But when Trump’s draft executive order on cybersecurity emerged last week, it surprised the cybersecurity world by hewing closely to the recommendations of bipartisan experts—including one commission assembled by the Obama administration.The described timing and the link both refer to the original draft cybersecurity executive order, which does not at all resemble the recommendations of Obama's Commission on Enhancing National Cybersecurity or the recommendations of the Center for Strategic and International Studies Cyber Policy Task Force, which both included input from large numbers of security experts. Contrary to what Greenberg says, the executive order he refers to was widely criticized on a number of grounds, including that it is incredibly vague and high level, specifies an extremely short time frame for its reviews, and that it seemed to think it was a good idea to collect information about major U.S. vulnerabilities and defenses into one place and put it into the hands of then-National Security Advisor Michael T. Flynn. That original version of the executive order resembled the Trump campaign's website policy proposal on cybersecurity.

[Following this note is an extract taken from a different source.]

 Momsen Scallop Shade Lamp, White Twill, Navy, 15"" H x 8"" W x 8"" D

The positive remarks, instead, were for a revised version of the cybersecurity executive order which was verbally described to reporters on the morning of January 31, the day that the signing of the order was expected to happen at 3 p.m., after Trump met for a listening session with security experts. The signing was cancelled, and the order has not yet been issued, but a draft subsequently got some circulation later in the week and was made public at the Lawfare blog on February 9.
This executive order contains recommendations consistent with both the Cybersecurity Commission report and the CSIS Cyber Policy Task Force report, mandating the use of the NIST Cybersecurity Framework by federal agencies, putting the Office of Management and Budget (OMB) in charge of enterprise risk assessment across agencies, promoting IT modernization and the promotion of cloud and shared services infrastructure, and directing DHS and other agency heads to work with private sector critical infrastructure owners on defenses.

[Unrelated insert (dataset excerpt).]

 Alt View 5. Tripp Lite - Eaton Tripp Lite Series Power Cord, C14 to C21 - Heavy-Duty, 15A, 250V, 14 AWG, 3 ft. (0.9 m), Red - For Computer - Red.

One key thing it does not do, which was recommended by both reports, is elevate the White House cybersecurity coordinator role (a role which the Trump administration has not yet filled, which was held by Michael Daniel in the Obama administration) to an Assistant to the President, reflecting the importance of cybersecurity. Greenberg's piece seems to assume that Thomas Bossert is in the lead cybersecurity coordinator role, but his role is Homeland Security Advisor (the role previously held by Lisa Monaco in the Obama administration), with broad responsibility for homeland security and counterterrorism, not cybersecurity-specific.